The policy was introduced at Hylands High School in Chelmsford, U.K., in a letter sent out to parents on January 9.

Executive headteacher Maggie Callaghan has defended the policy and said the school is focused on encouraging pupils to behave professionally.

She also said that most parents and pupils support the policy as it “encourages pupils to behave professionally as any future employer would expect.”

One frustrated parent, who wished to remain nameless, spoke to local media and expressed her annoyance at the new policy coming into effect.

According to the Daily Mirror, she said: “I couldn’t believe it. In this day and age, I agree that inappropriate touching—hitting and punching—of course has to be dealt with. But they’re not teaching students how to have a healthy relationship.

“The inference is that you can’t touch anyone, children won’t know what is or isn’t appropriate, and the ability to empathize with their peers is being taken away.

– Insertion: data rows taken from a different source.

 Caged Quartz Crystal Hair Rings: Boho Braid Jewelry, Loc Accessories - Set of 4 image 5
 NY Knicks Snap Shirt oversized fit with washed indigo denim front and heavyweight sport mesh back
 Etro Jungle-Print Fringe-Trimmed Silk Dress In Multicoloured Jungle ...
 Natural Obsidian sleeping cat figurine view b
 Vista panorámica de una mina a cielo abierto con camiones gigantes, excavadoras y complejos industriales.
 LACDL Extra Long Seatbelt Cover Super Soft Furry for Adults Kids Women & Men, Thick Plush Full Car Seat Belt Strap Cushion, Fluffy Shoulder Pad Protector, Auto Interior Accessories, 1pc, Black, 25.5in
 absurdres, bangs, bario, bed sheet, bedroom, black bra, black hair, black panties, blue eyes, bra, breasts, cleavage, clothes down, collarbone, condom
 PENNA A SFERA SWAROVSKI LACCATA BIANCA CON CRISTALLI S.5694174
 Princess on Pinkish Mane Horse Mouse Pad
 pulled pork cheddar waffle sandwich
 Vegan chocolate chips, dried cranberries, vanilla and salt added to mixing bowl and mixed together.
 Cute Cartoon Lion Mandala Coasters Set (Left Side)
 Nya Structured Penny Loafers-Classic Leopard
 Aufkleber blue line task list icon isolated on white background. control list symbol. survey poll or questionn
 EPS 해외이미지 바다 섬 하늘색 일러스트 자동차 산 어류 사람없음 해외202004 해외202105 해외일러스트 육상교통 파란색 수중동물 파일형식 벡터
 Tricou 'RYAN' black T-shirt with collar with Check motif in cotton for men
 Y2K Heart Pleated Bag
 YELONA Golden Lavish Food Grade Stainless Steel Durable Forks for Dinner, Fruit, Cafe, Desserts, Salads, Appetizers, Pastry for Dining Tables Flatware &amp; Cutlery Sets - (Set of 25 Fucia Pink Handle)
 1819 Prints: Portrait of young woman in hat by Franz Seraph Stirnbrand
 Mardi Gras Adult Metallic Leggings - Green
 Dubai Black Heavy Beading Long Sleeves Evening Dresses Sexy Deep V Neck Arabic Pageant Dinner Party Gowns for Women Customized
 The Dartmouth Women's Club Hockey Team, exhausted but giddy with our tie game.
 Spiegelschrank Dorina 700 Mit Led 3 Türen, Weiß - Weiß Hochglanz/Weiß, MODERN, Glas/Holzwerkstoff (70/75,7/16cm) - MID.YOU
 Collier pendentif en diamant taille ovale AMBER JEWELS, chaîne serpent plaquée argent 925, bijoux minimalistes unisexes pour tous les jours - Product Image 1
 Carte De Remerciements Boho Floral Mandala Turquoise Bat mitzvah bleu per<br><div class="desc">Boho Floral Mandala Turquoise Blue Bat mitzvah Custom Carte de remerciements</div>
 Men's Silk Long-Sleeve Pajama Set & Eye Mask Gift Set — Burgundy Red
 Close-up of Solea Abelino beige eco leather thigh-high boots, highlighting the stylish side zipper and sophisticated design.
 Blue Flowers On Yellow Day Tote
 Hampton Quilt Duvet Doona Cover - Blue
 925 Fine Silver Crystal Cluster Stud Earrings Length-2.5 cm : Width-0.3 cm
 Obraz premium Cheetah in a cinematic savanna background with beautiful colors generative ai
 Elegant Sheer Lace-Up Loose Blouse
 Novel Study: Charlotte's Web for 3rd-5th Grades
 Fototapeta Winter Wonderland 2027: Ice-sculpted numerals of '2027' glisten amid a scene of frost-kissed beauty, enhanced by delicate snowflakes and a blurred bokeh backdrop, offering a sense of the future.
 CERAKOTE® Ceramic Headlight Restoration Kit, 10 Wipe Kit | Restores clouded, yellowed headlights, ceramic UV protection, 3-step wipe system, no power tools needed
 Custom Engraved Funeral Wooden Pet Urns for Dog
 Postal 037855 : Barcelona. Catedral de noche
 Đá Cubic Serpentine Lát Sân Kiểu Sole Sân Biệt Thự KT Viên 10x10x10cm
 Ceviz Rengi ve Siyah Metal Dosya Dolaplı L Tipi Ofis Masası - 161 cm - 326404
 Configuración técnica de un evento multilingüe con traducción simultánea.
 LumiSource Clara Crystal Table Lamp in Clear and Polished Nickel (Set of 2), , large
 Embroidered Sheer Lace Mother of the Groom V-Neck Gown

“I have a daughter and her and her friends greet each other with a hug, but if they do that now they’ll [face being] put into isolation.”

The parent went on to say she believed the rules were “draconian” and other parents shared her irritation. She also said that prior to the January 9 letter, parents were not informed of this policy being implemented.

She continued: “Human instinct is that if your friend fell over you might help them up. But now they’re having their privileges threatened such as losing their lunch or morning breaks, or even isolation for the day—which is all so draconian.

“There’s been a huge outcry from other parents. Partly because of the lack of communication with parents, all we’ve been told is what students tell us.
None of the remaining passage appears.